Demolition of Lenton’s five iconic tower blocks began in the Summer of 2013, making way for 142 new council homes. The 16 floor structures are being taken down as part of Nottingham City Council and Nottingham City Homes’ Building a Better Nottingham programme.
Overall the programme will see nearly 400 brand new council homes built across the city in the next four years, with the site at Lenton being the biggest. As well as building homes, the programme is creating local jobs for Nottingham people.
The first homes to be built in the shadow of the remaining blocks, will form part of the brand new Independent Living complex for older residents, replacing the existing high-rise scheme at Newgate Court.
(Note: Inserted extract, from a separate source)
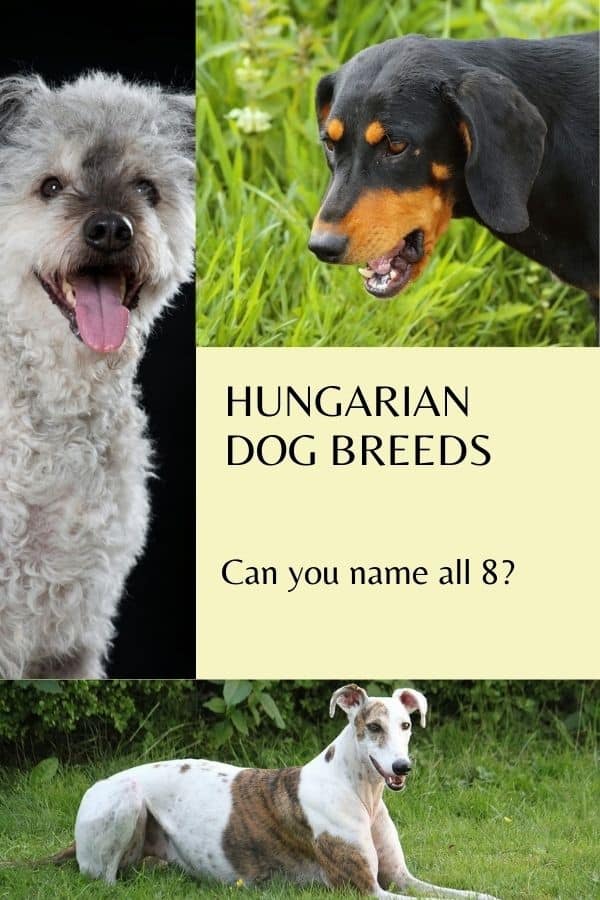 Learn about all 8 Hungarian Dog Breeds - Bred to Work, but they make great companions, too.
Being built by Nottingham City Homes’ construction partner, Keepmoat, the building will be the first to be completed on the site, and will be done before Newgate Court faces demolition. This will allow those existing residents who would like to move to the new building to have an easy transition.
Cllr Alex Ball, Executive Assistant with Responsibility for Housing at Nottingham City Council, said:
“Starting work on the new Independent Living complex is a huge step forward in our plans to build new homes and create neighbourhoods that people want to live in. Lenton is the biggest site we are working on, with a good balance of family housing, homes for older residents, and some flats for individuals and couples.
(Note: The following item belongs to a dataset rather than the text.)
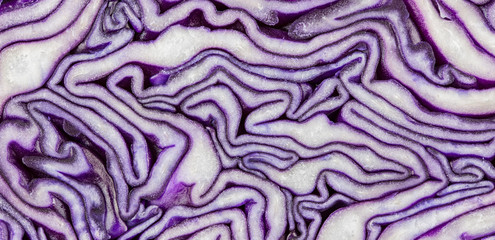 Obraz premium ein aufgeschnittener Rotkohl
“The City Council’s work with partners to build a better Nottingham is making a huge difference across the city to housing, transport, health, leisure and road infrastructure. I look forward to watching the new building develop and welcoming its new residents in a year’s time.”
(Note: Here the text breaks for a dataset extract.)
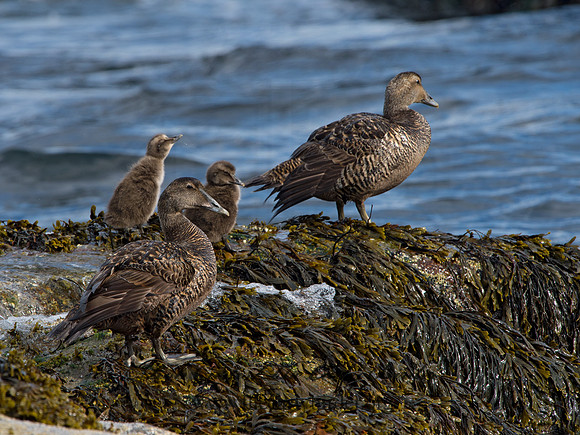 Somateria mallisima  COMMON EIDER 9031346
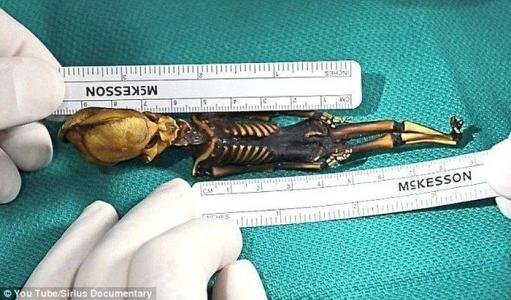 外星文明？远古生物？阿塔卡马现奇异木乃伊328 / 作者:qq1023234136 / 帖子ID:27927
The new scheme will be named Palmer Court after former local resident and conservationist, Ena May Palmer. The science teacher, who founded the Lenton History Society, and was named Citizen of Honour by Nottingham City Council in 1994 for her environmental work, died in 1998 at the age of 92.
Nick Murphy, Chief Executive of Nottingham City Homes, said:
“It was important to us when naming the new roads and buildings on this site, that we took some influence from local people.
“Our teams worked together with the Lenton History Society to find historical characters who had made a difference to the local area, and whose memories should be celebrated.
“We then took a list of suggestions to the residents of Newgate Court to find their favourite. It was decided that Palmer Court was the most fitting way to remember Ena, a woman remembered by many local residents.”
The 54 new homes in Palmer Court will be built to Code 4 Sustainable Homes standards, providing high levels of thermal efficiency, security and modernity.
Martin Smithurst, Regional Managing Director at Keepmoat, said:
“We are proud to be working with our partners to transform the iconic Lenton site.
“We are committed to working with and creating opportunities for local people throughout our time on site, so it seems very fitting that the community have been able to choose the name.”
Work is expected to be complete on Palmer Court by Spring 2015, with the wider Lenton development due to be completed in 2017.